7

I have been stuck on this for a while and no amount of googling seems to help.

I am reading in a lot of raw data. Some of the variables come in as objects due to the source using letters for various reasons for missing (which I do not care about).

So I want to run a fairly large subset of columns through pandas.to_numeric(___ ,error='coerce') just to force these to be cast as int or float (again, I do not care too much which, just that they are numeric.

I can make this happen column by column easy:

df['col_name'] = pd.to_numeric(df['col_name'], errors='coerce') 

However, I have some 60 columns I want to cast like this .. so I thought this would work:

numeric = ['lots', 'a', 'columns']
for item in numeric:
    df_[item] = pd.to_numeric(df[item], errors='coerce')

The error I get is:

Traceback (most recent call last):

File "/Users/____/anaconda/lib/python2.7/site-packages/IPython/core/interactiveshell.py", line 2885, in run_code
exec(code_obj, self.user_global_ns, self.user_ns)

File "<ipython-input-53-43b873fbd712>", line 2, in <module>
df_detail[item] = pd.to_numeric(dfl[item], errors='coerce')

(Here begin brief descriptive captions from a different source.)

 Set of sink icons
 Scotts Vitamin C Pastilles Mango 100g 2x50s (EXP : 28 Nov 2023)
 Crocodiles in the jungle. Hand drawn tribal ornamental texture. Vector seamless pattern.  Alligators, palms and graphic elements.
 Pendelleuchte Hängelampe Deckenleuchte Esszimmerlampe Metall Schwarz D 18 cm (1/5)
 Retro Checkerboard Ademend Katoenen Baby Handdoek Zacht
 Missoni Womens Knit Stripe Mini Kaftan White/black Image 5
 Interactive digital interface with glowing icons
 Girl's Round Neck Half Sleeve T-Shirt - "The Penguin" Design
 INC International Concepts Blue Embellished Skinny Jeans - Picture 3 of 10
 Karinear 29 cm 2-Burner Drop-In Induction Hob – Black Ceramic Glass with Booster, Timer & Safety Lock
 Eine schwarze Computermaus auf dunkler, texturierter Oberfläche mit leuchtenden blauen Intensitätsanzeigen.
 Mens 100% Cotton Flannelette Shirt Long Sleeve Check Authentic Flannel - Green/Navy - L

File "/Users/____/anaconda/lib/python2.7/site-packages/pandas/tools/util.py", line 101, in to_numeric
raise TypeError('arg must be a list, tuple, 1-d array, or Series')

TypeError: arg must be a list, tuple, 1-d array, or Series

I tried many versions. This is has something to do with the list or looking through it. I get the very same error when the for-loop simply calls for df(item).describe()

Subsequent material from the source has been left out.